_WORK ITEM_: Make an exact copy of the entries, taking out every picture.

_SUPPLIED MATERIAL_:

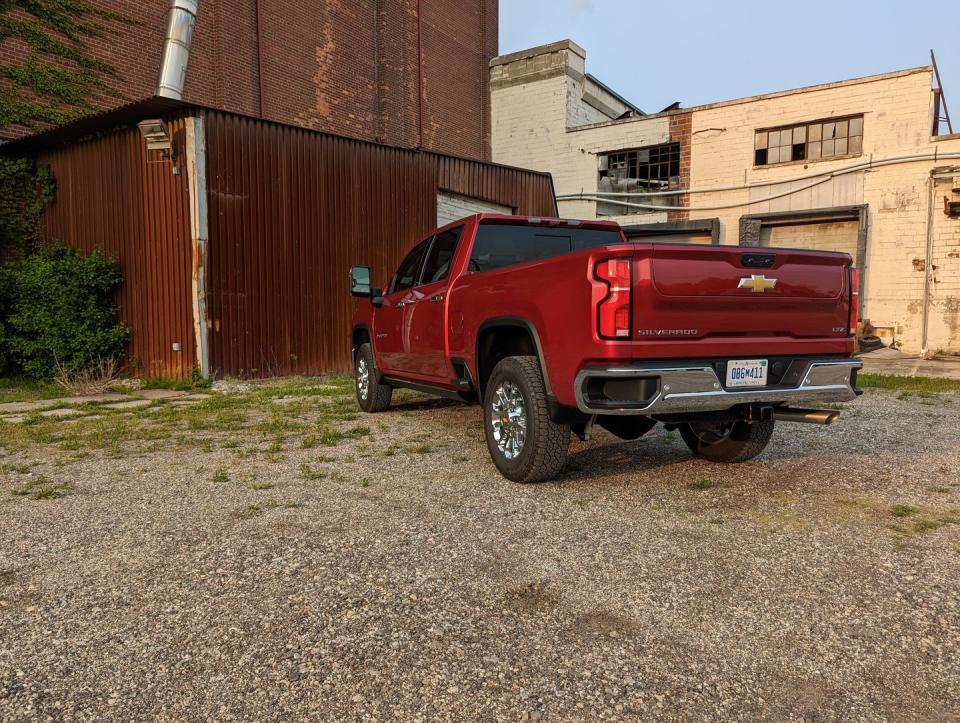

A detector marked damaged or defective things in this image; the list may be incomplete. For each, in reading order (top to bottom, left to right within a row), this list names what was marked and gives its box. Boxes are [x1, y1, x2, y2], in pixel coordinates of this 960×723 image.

rusty metal siding [37, 114, 197, 378]
rusty metal siding [202, 111, 556, 378]
broken window [592, 143, 684, 216]
broken window [752, 115, 868, 166]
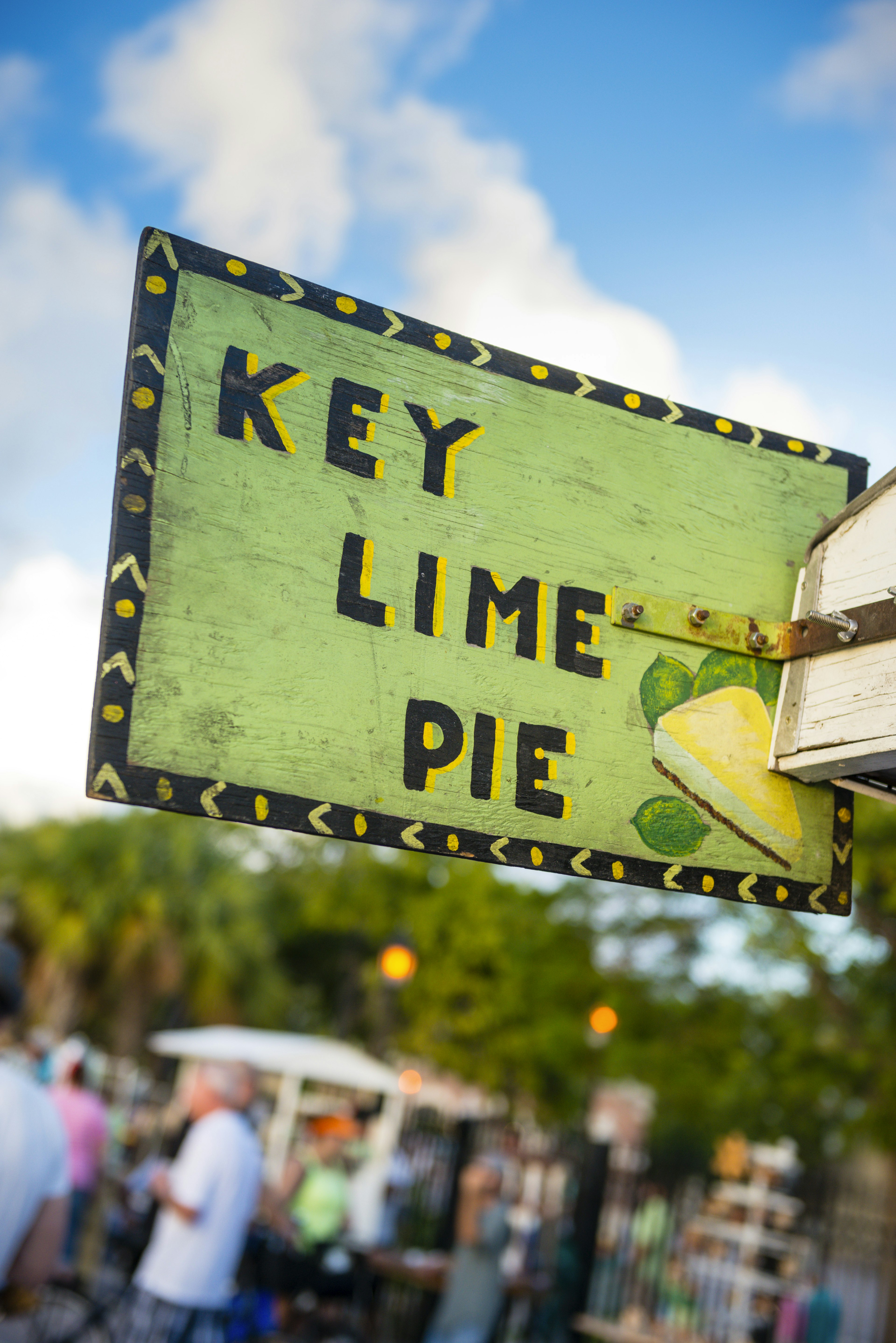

_RESULT FOR THIS TASK_:
A detector marked damaged or defective things in this image; the list may be incomplete. For each, in reading order (top to bottom, left to right within a row), this list names what was marked and gives its box. Boxes are [x1, y1, x2, y2], in pixel coordinates of this 960×723 image.

rusty metal siding [37, 114, 197, 378]
rusty metal siding [202, 111, 556, 378]
broken window [592, 143, 684, 216]
broken window [752, 115, 868, 166]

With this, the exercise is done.